Ces paroles, qui témoignaient du respect des Indiens pour la foi jurée et de l'honnêteté qu'ils apportent dans leurs relations avec leurs mortels ennemis, furent, malgré l'éloge qu'elles renfermaient, écoutées froidement et presque avec indifférence par les deux chefs.
«Deux soleils déjà se sont écoulés, répondit fièrement le Guaycurus depuis que j'ai fait signifier aux Paulistas la rupture de la trêve.»

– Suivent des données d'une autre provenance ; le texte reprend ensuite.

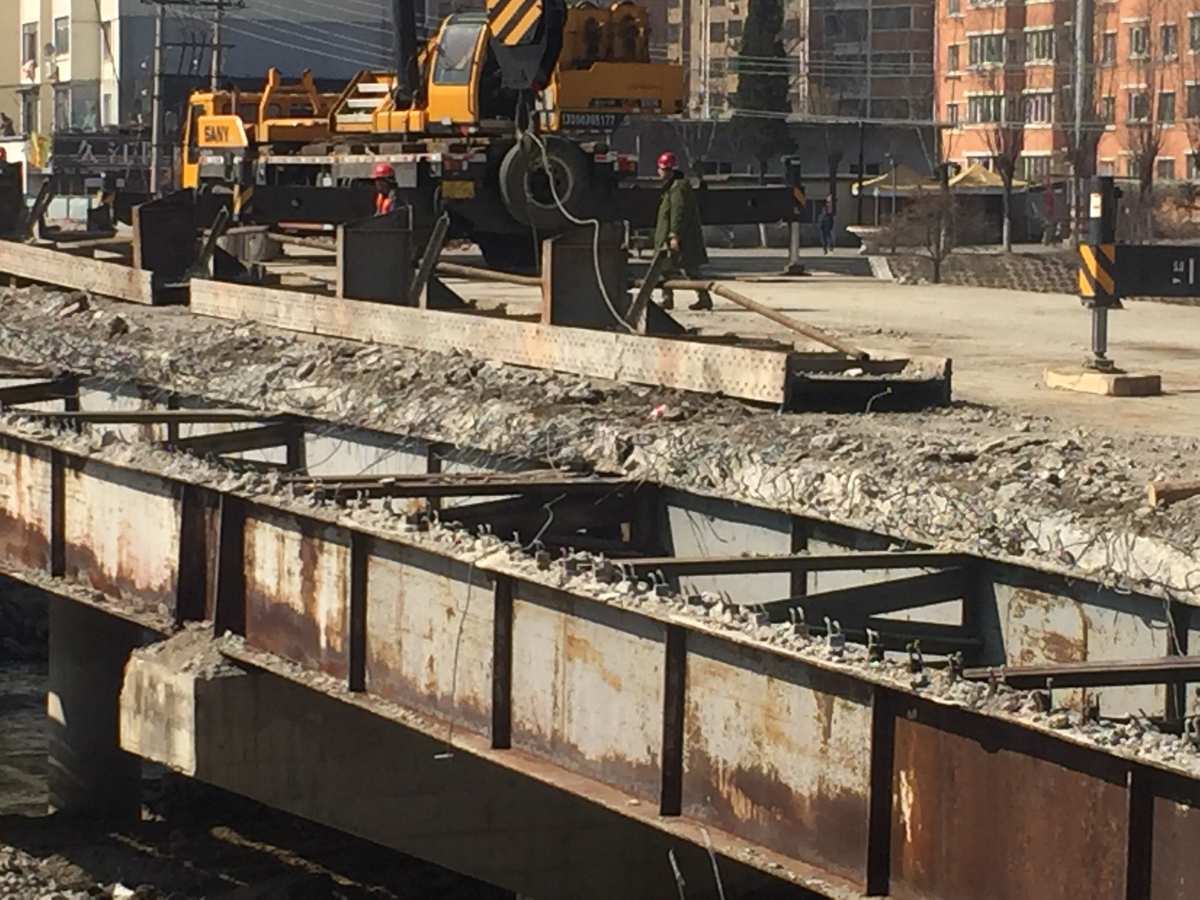 橋梁拆除，混凝土拆除工程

Malco Díaz, si maître qu'il fût de lui-même, ne put contenir un geste de satisfaction à cette déclaration si nette et si péremptoire.
«Ainsi, vous avez recommencé la guerre? dit-il.
—Oui, répondit simplement l'Indien.
—Alors, tout est bien, fit le métis.
—J'attends, reprit le Guaycurus.
—La nuit s'avance, le Sertanejo n'est pas venu aussi vite au rendez-vous que lui-même a donné, pour parler de choses futiles aux puissants capitãos, ajouta le Payagoas.»